▸ **Exercise requirements**
Each record that follows should be repeated exactly, with no pictures carried over.
(The records begins)
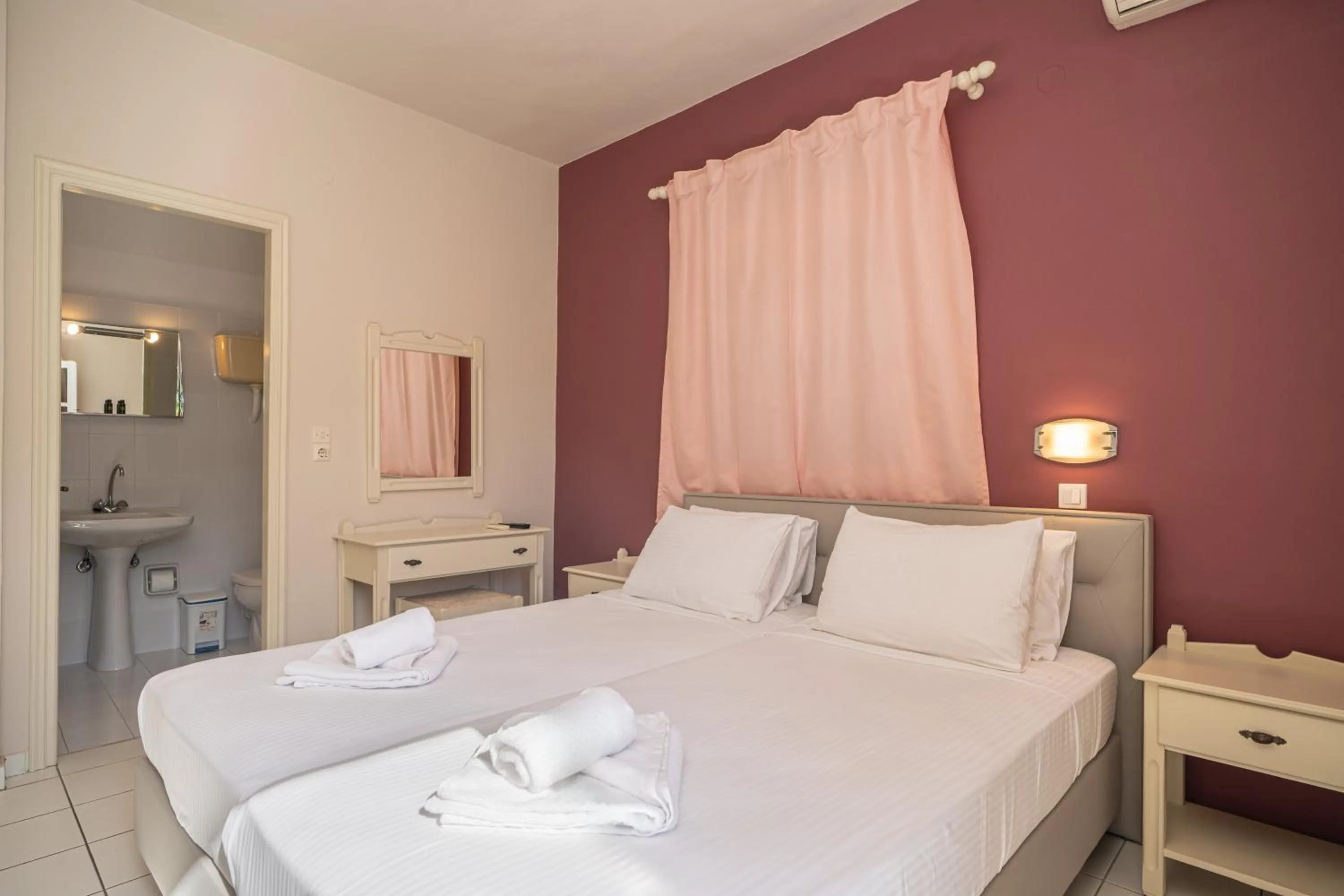 Bedroom, Bed in Panoramic Sunset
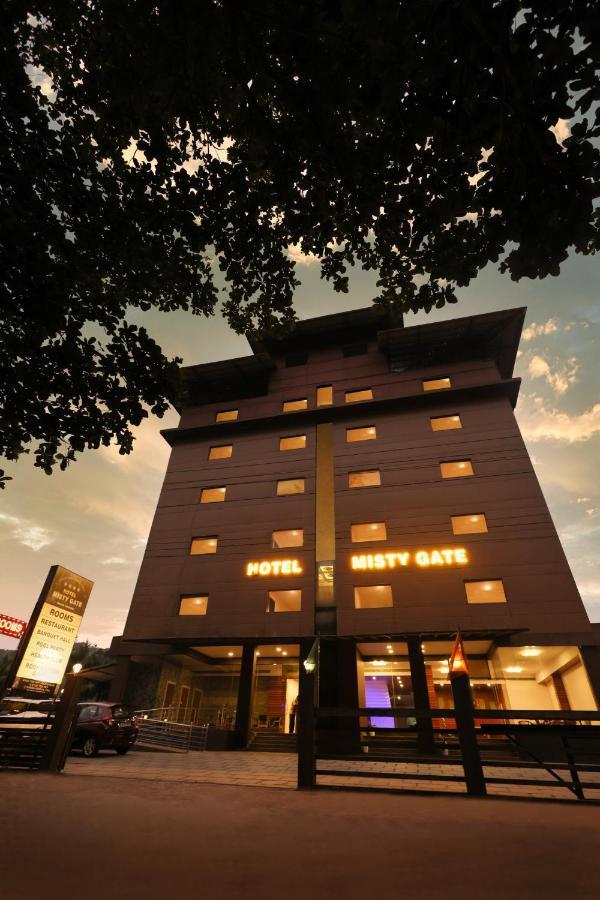 Misty Gate Hotel Витири Екстериор снимка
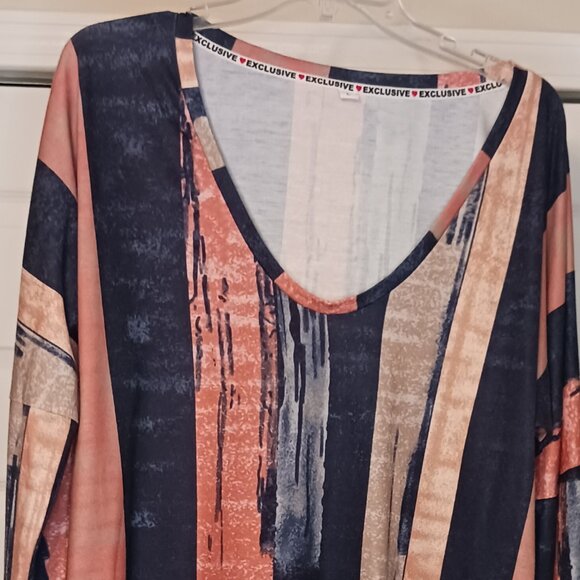 #132 Exclusive Blue/Red V Neck Long Sleeve Top Size Large - Picture 3 of 4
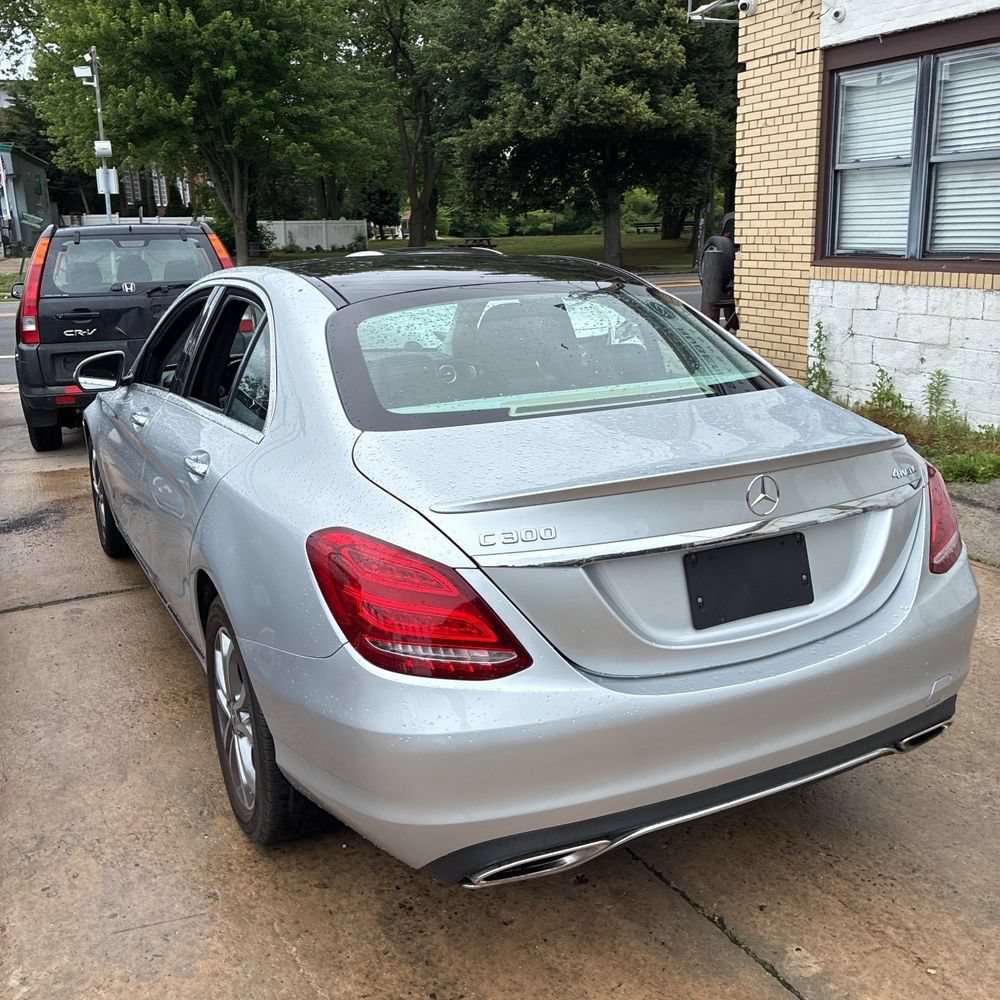 Used 2017 Mercedes-Benz C 300 4MATIC Sedan image 6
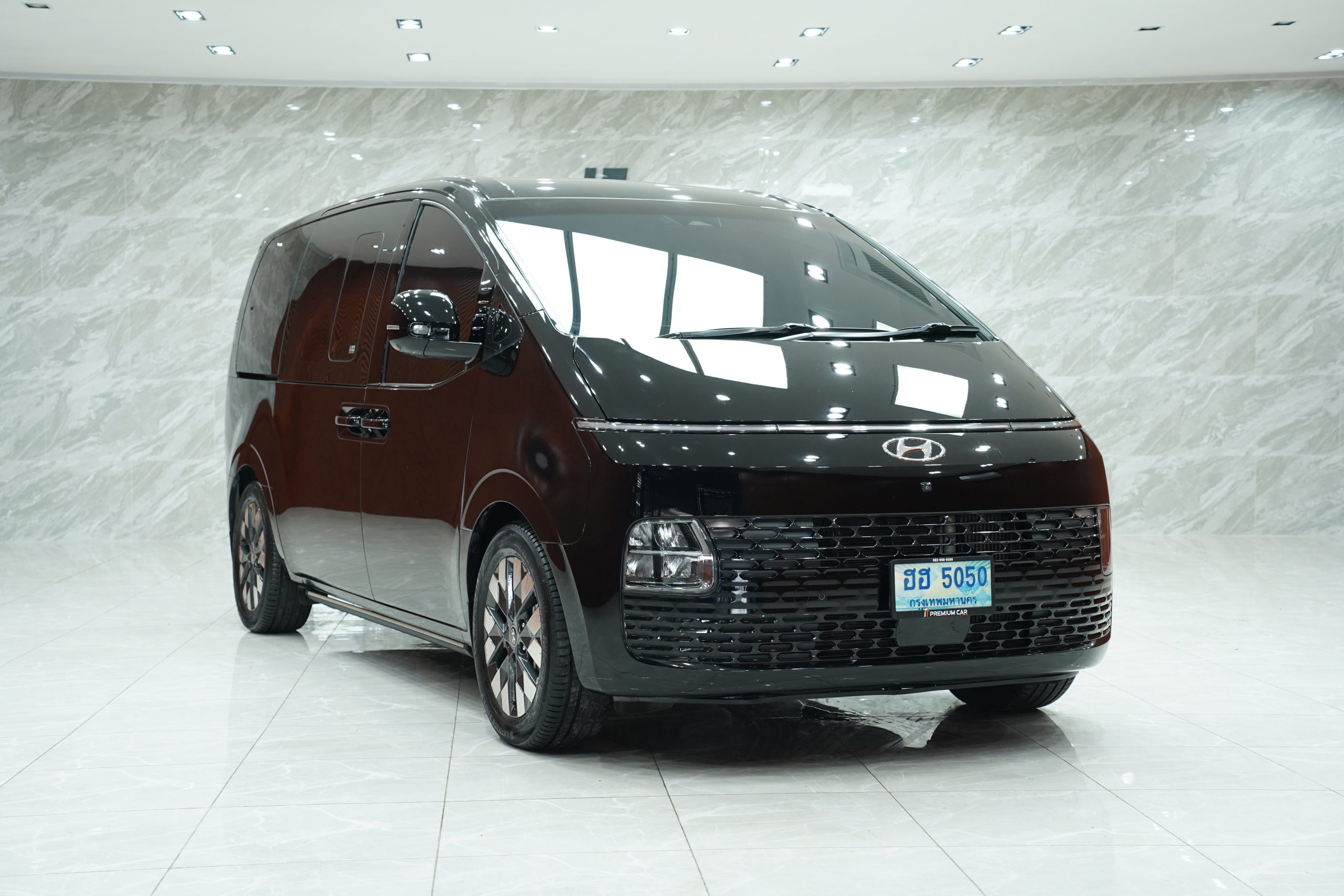 2021Hyundai Staria SEL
(The records ends)
▸ **Completed task**
 Bedroom, Bed in Panoramic Sunset
 Misty Gate Hotel Витири Екстериор снимка
 #132 Exclusive Blue/Red V Neck Long Sleeve Top Size Large - Picture 3 of 4
 Used 2017 Mercedes-Benz C 300 4MATIC Sedan image 6
 2021Hyundai Staria SEL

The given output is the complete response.